[Stored data]
____

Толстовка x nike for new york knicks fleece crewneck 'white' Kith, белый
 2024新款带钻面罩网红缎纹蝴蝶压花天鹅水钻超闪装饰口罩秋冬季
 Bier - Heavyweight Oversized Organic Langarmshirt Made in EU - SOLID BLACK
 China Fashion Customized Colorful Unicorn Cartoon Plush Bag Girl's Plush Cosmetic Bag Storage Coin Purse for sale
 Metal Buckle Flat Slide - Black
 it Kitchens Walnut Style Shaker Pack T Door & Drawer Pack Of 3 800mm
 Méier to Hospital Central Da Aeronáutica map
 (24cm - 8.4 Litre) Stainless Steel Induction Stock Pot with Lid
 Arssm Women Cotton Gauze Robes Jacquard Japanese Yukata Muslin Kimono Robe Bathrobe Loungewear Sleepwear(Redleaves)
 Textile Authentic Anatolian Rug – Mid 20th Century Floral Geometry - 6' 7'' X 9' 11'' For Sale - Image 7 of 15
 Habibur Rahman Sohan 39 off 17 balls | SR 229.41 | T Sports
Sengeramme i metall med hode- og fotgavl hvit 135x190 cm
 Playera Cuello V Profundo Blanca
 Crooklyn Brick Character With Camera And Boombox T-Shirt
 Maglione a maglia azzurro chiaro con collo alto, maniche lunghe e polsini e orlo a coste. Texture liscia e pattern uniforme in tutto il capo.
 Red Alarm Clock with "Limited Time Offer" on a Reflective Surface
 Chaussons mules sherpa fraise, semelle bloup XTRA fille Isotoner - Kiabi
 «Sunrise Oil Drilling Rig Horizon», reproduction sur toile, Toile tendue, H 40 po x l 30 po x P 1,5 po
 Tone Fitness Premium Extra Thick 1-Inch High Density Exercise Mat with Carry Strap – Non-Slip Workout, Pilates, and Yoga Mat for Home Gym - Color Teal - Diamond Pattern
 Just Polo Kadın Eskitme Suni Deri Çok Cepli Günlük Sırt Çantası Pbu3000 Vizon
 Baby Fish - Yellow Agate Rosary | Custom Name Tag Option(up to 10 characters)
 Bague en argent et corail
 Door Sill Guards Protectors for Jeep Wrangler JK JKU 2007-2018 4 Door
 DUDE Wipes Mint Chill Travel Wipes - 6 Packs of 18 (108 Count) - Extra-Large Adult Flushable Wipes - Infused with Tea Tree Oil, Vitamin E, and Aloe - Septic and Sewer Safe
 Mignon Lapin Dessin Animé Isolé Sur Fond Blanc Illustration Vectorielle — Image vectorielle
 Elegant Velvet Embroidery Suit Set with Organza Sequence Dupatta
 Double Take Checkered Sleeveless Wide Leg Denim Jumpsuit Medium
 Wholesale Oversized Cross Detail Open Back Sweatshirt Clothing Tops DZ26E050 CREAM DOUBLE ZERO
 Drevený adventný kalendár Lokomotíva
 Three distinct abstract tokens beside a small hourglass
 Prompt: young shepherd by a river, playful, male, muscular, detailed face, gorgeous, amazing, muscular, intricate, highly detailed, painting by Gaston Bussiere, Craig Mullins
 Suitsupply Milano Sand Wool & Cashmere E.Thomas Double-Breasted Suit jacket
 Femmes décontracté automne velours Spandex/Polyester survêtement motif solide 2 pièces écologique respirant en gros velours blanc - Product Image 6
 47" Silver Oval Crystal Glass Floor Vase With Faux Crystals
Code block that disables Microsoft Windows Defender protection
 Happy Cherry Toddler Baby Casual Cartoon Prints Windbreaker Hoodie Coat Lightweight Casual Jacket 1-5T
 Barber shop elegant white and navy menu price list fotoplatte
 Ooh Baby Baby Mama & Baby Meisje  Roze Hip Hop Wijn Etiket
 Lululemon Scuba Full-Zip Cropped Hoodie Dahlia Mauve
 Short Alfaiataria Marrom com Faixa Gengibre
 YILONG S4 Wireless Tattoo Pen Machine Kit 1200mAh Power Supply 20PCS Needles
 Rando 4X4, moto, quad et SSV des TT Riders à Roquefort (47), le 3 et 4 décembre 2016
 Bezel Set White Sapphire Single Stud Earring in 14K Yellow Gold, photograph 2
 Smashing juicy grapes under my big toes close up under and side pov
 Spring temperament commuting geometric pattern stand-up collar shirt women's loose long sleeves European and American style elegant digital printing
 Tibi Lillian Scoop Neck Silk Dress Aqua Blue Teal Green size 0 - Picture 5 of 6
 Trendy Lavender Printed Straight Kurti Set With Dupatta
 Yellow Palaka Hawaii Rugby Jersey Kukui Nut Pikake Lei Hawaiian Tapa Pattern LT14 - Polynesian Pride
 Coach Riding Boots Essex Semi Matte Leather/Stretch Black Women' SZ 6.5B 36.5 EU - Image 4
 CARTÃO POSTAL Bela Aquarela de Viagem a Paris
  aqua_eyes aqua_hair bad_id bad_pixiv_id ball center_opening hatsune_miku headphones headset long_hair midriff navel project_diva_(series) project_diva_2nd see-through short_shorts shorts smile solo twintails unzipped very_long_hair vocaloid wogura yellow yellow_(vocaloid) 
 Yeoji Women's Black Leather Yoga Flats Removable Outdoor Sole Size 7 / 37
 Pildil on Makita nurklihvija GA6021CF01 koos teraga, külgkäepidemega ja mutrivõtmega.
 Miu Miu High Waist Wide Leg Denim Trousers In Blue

____

▸ **What you are asked to do**: Take the entries above and return only the lines from the one with "Sengeramme i metall" to the one with "Suitsupply Milano Sand", both included, unchanged.

▸ **Written solution**:
Sengeramme i metall med hode- og fotgavl hvit 135x190 cm
 Playera Cuello V Profundo Blanca
 Crooklyn Brick Character With Camera And Boombox T-Shirt
 Maglione a maglia azzurro chiaro con collo alto, maniche lunghe e polsini e orlo a coste. Texture liscia e pattern uniforme in tutto il capo.
 Red Alarm Clock with "Limited Time Offer" on a Reflective Surface
 Chaussons mules sherpa fraise, semelle bloup XTRA fille Isotoner - Kiabi
 «Sunrise Oil Drilling Rig Horizon», reproduction sur toile, Toile tendue, H 40 po x l 30 po x P 1,5 po
 Tone Fitness Premium Extra Thick 1-Inch High Density Exercise Mat with Carry Strap – Non-Slip Workout, Pilates, and Yoga Mat for Home Gym - Color Teal - Diamond Pattern
 Just Polo Kadın Eskitme Suni Deri Çok Cepli Günlük Sırt Çantası Pbu3000 Vizon
 Baby Fish - Yellow Agate Rosary | Custom Name Tag Option(up to 10 characters)
 Bague en argent et corail
 Door Sill Guards Protectors for Jeep Wrangler JK JKU 2007-2018 4 Door
 DUDE Wipes Mint Chill Travel Wipes - 6 Packs of 18 (108 Count) - Extra-Large Adult Flushable Wipes - Infused with Tea Tree Oil, Vitamin E, and Aloe - Septic and Sewer Safe
 Mignon Lapin Dessin Animé Isolé Sur Fond Blanc Illustration Vectorielle — Image vectorielle
 Elegant Velvet Embroidery Suit Set with Organza Sequence Dupatta
 Double Take Checkered Sleeveless Wide Leg Denim Jumpsuit Medium
 Wholesale Oversized Cross Detail Open Back Sweatshirt Clothing Tops DZ26E050 CREAM DOUBLE ZERO
 Drevený adventný kalendár Lokomotíva
 Three distinct abstract tokens beside a small hourglass
 Prompt: young shepherd by a river, playful, male, muscular, detailed face, gorgeous, amazing, muscular, intricate, highly detailed, painting by Gaston Bussiere, Craig Mullins
 Suitsupply Milano Sand Wool & Cashmere E.Thomas Double-Breasted Suit jacket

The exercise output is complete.